Downsizing in retirement may not save money
Conventional wisdom is that moving into a smaller home will cost less. But that's not always the case. It pays to crunch the numbers before you make any decisions.
The conventional wisdom says you can save money by downsizing to a smaller home in retirement.
That may not be true, Anne Tergesen writes in The Wall Street Journal. Sometimes downsizing may end up costing more.
"Don't make any broad assumptions that downsizing is going to save your retirement," Jeff Bogue, a certified financial planner in Wells, Maine, told The WSJ. "It may help your finances, but I've seen plenty of people who find that it doesn't pan out as they had thought."
Post continues below
One of the most painful aspects of the real estate bust, for those near retirement, was that a major asset they had hoped to sell – their home – lost considerable value, more than 50% in some of the hardest-hit cities. That means the downsizing calculation may not be nearly as profitable as they had thought.
Most retirees who downsize stay in the same general area. That means that many of their daily expenses stay the same. A retirement community that provides maintenance and recreation facilities may even end up costing more.
One piece of retirement advice has been that to truly downsize you should move to a part of the country where it’s cheaper to live – but making a mistake can be costly.
Joanne Abrahamian moved from New Jersey to Kanab, Utah, in 2008, then decided that the town was too remote and she missed the seasons. But the home that she bought for $295,000 is now worth only $195,000, The WSJ reported.
You may also find that a smaller home doesn’t suit your lifestyle as well as you thought it would. My aunt, who sold her three-bedroom family home and moved into an apartment after her children left home and her husband died, found that her place wasn’t large enough for the entertaining she had more time for in retirement. She ended up buying another three-bedroom home, behind her son’s home, at age 70 and is still there at 86.
A smaller home may also not be practical if your adult children need to move back in or if you need room for visiting children and grandchildren who come from afar and stay overnight.
If you do plan to downsize, do the math and make sure it’s really going to cost less – or that it’s going to give you the lifestyle you want at a cost you can still afford. Consider the cost of moving. Don’t buy in a new city until you have rented there for at least a year. Visiting on vacation doesn’t count.
Downsizing in retirement does still deliver a financial boost to some. WSJ reader Shirley Summers wrote:
Oh, please, I could barely get through the article. My husband and I sold our 3,000-square-foot home two years ago by finding someone who could take over the mortgage. We had enjoyed living there, had made lots of improvements but it was too big, too much of a burden for just the two of us to take care of after the children left home. We bought a 1,200-square-foot fixer-upper, totally gutted it and changed the floor plan to include only (horrors) ONE bedroom and ONE bathroom. The kids know where the hotels are in town.

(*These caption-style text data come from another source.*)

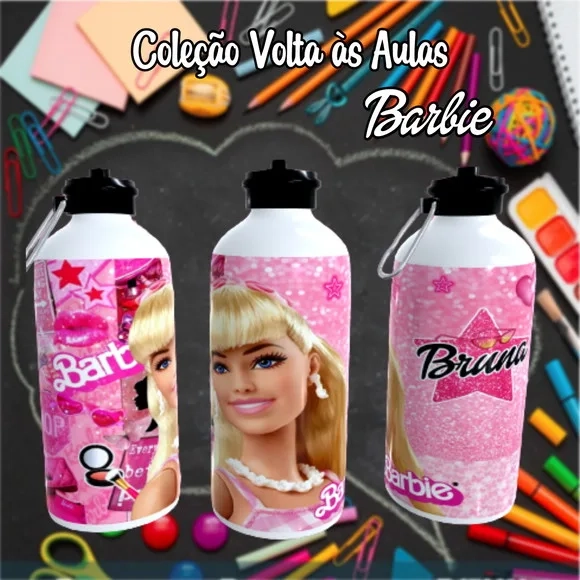 Garrafa Squeeze Personalizada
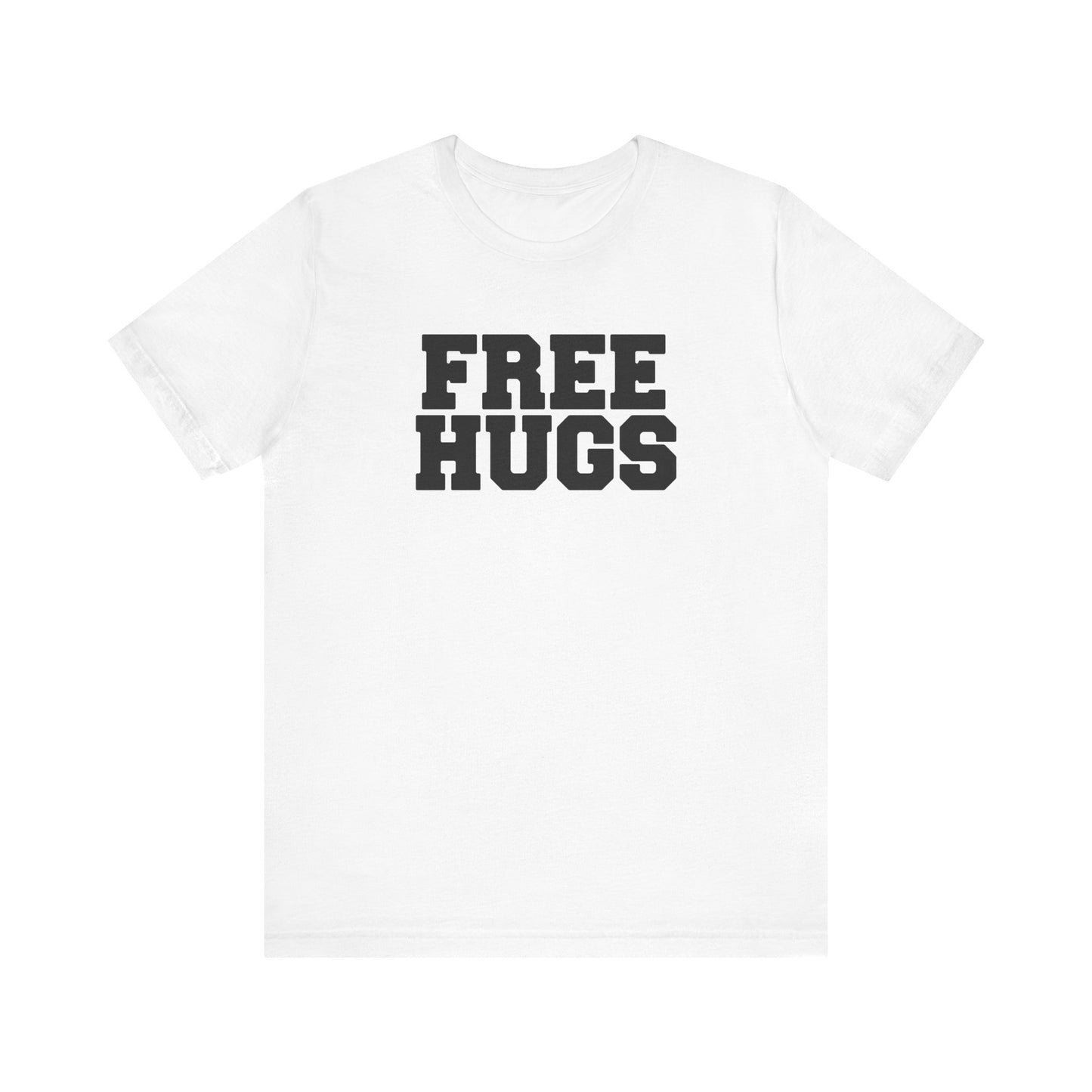 Free Hugs (World Champion Slut Hugger) - Men's T-Shirt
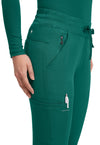 Hunter - Women's Rhea Jogger Scrub Pants – Regular (View 2)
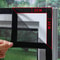 DIY SelfAdhesive Mosquito Net Window Screen Custom Fit Insect Proof Gauze 3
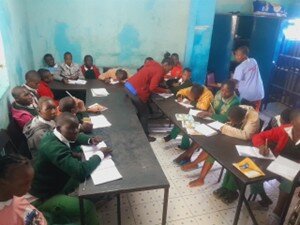 Help 106 Children w/Disabilities THRIVE  Kenya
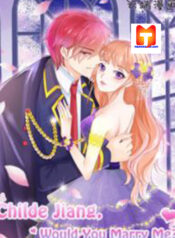 Childe Jiang, Would You Marry Me- scan 1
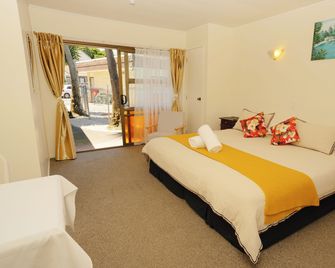 Dukes Midway Lodge - Auckland - Slaapkamer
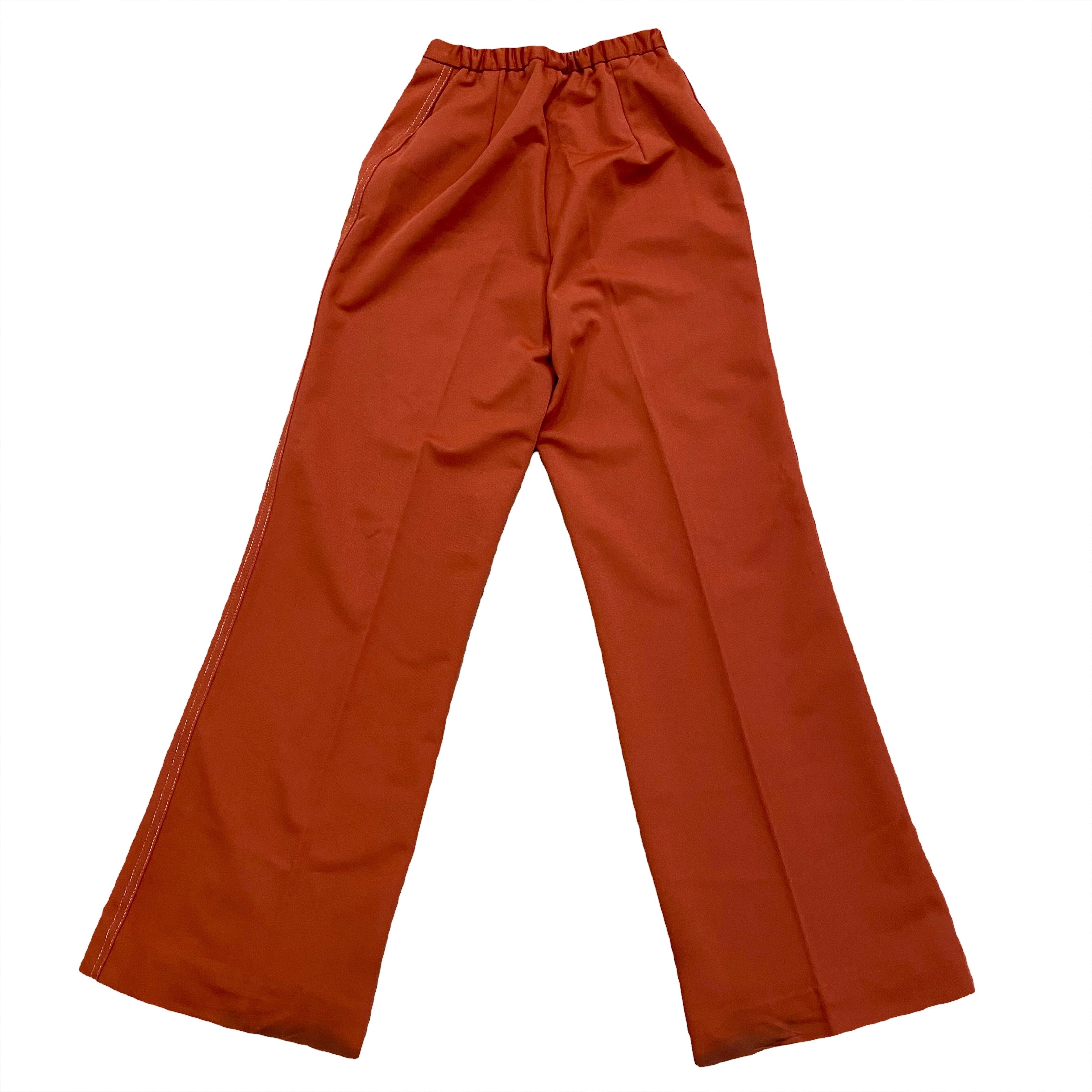 Vintage 1976 McDonald’s Canada 3-Piece Employee Uniform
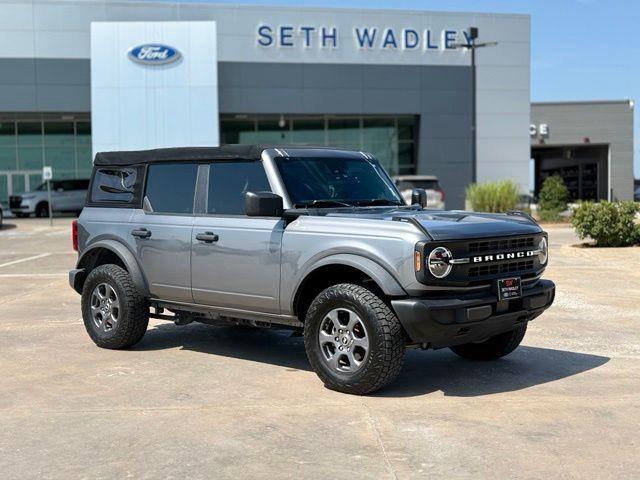 2021 Ford Bronco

Every time I find something of theirs I take it to them. "Here this is yours. Take care of it. :) "I don't regret it one bit. We have more time, and more money to do other things. We also have lots less to clean, no grass (our other house had an acre and a half of lawn to cut and water) and much cheaper utilities.
ALL things considering , The best move would be to find the right place 20 years before you retire.
We have done that in Florida and have a place blocks from the beach ( Less taxes and insurance) and will always have room for our future family and friends. We bought a house with 1500 Sq Ft. and added a big family room , extra room for exercise or whatever and always bought the best in materials and equipment so we never have to move. I retire in 15 months. A plan is so important.
Enjoy life .... It is short and fast RFW
Downsizing for the retirees?
It could be one HUGE mistake--the housing market is unstable--why would anyone want mortgage payments until they are past 80 years old, buying another place?. Most have their homes paid off, unless they have been dipping into their equity to live on--no room, no storage for meaningful things, retirement communities full of much older people.. Stay in your young neighborhood, with who you know---the grandkids cannot sleep overnight, no entertainment ability--and looking at each other on the sofa 24/7!---Claustrophic- Elevators to go outside, parking garages for your car, walking far to get there-No Condo, No Apt.; No retirement community for us!--usually they are very far out from the Urban areas. This article was right on target.
This is just the reality of aging and I am sure none of you want to here the above, but it is the truth.
I retired at age 50 in 2001. First I downsized form apartment to 24 ft RV. Then, from RV to Toyota PU.
I travel seasonally, following the fish bite and the weather. Sometimes enjoying city life, sometimes country quiet. I travel as lite as possible and rent furnished rooms or studio apts. I'm a firm believer in LESS IS MORE in retirement. HAPPY TRAILS!!
we went from 3000 sq.ft. to 900 up to 900 down we put in a new kit. new baths and paint. nice big yard witch we both enjoy,gardening sitting by our water feature and enjoying the water falls.We will be selling some in the future and getting a big rig and go see the good old USA can't wait.
1,600 to 1,800 sq feet is all we need. We still want four bedrooms, bedrooms that are just big enough to fit a queen size bed. My children won't need huge bedrooms to store all their little toys when they come to visit.